=== Section Start ===

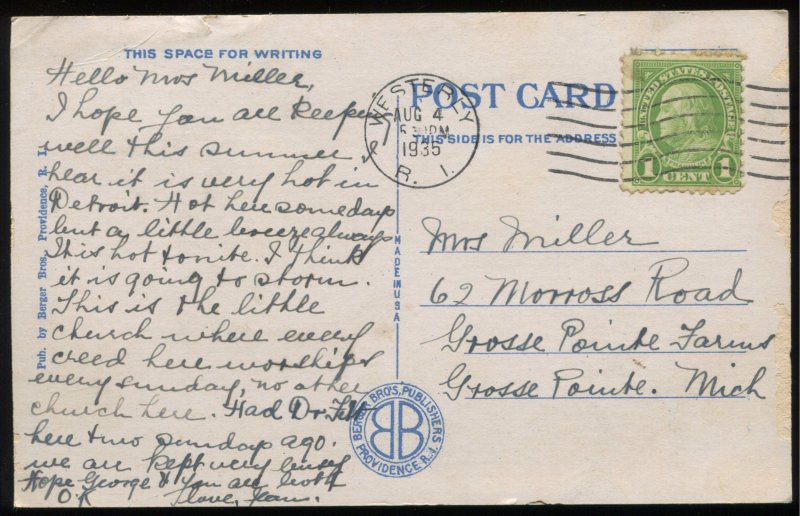 The Chapel, Watch Hill, RI. 1935 Berger Bros. postcard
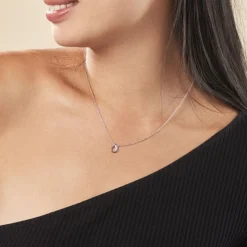 Collier Court Argent Blanc Sylvan Oxyde De Zirconium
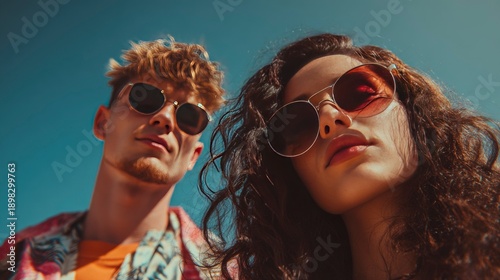 Stylish young couple portrait against blue sky, wearing sunglasses, confident summer travel and lifestyle concept.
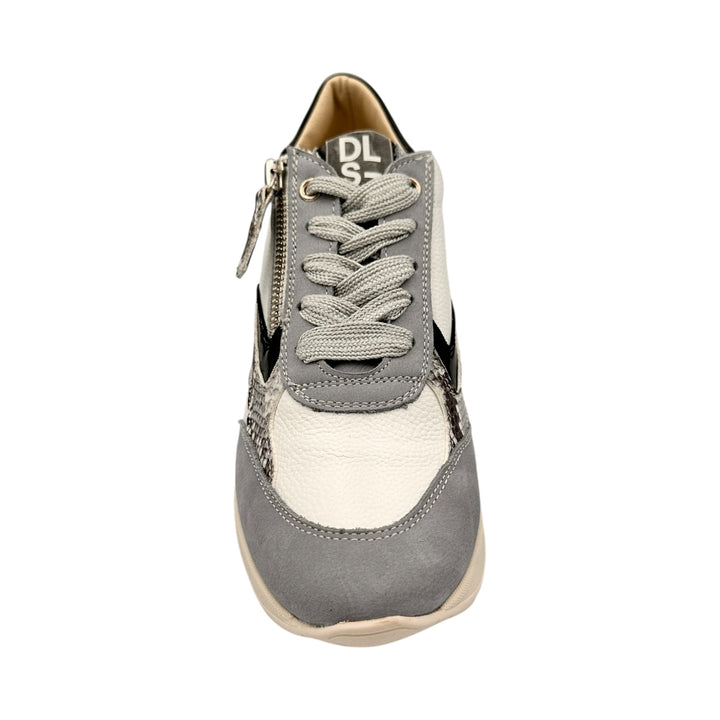 Light blue and white sneaker with a visible brand logo on a white background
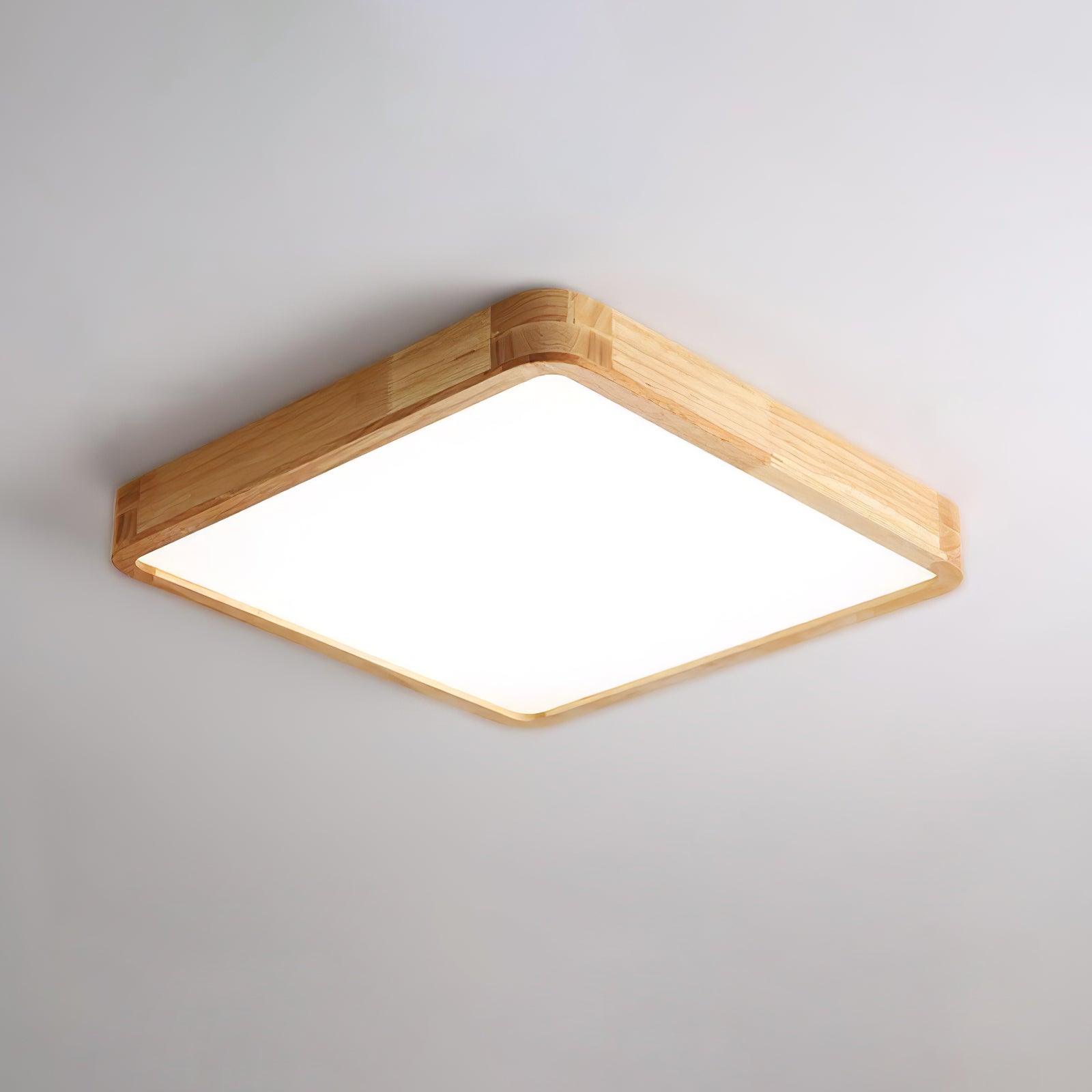 Plafón LED de techo de madera con diseño geométrico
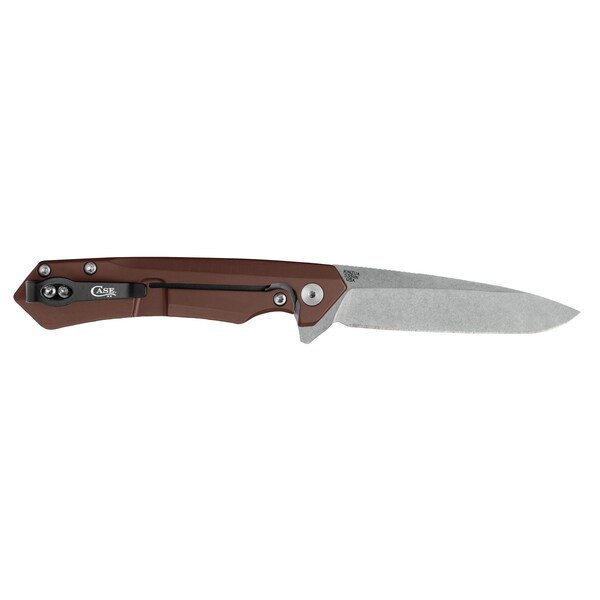 Case Cutlery Knife, Case Dark Brown Anodized Aluminum Kinzua with Spear S35VN Blade - 64692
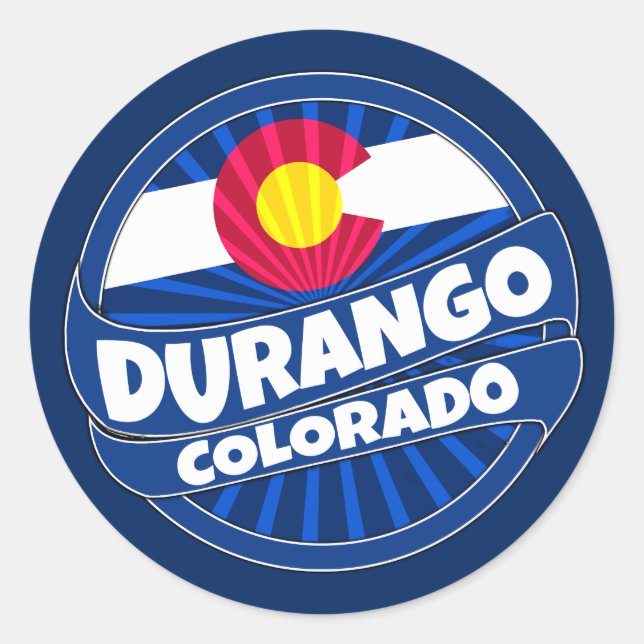 Durango Colorado flag burst stickers (Front)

=== Section End ===

Your assignment
Transcribe the entries above verbatim, omitting their pictures.

Your response
 The Chapel, Watch Hill, RI. 1935 Berger Bros. postcard
 Collier Court Argent Blanc Sylvan Oxyde De Zirconium
 Stylish young couple portrait against blue sky, wearing sunglasses, confident summer travel and lifestyle concept.
 Light blue and white sneaker with a visible brand logo on a white background
 Plafón LED de techo de madera con diseño geométrico
 Case Cutlery Knife, Case Dark Brown Anodized Aluminum Kinzua with Spear S35VN Blade - 64692
 Durango Colorado flag burst stickers (Front)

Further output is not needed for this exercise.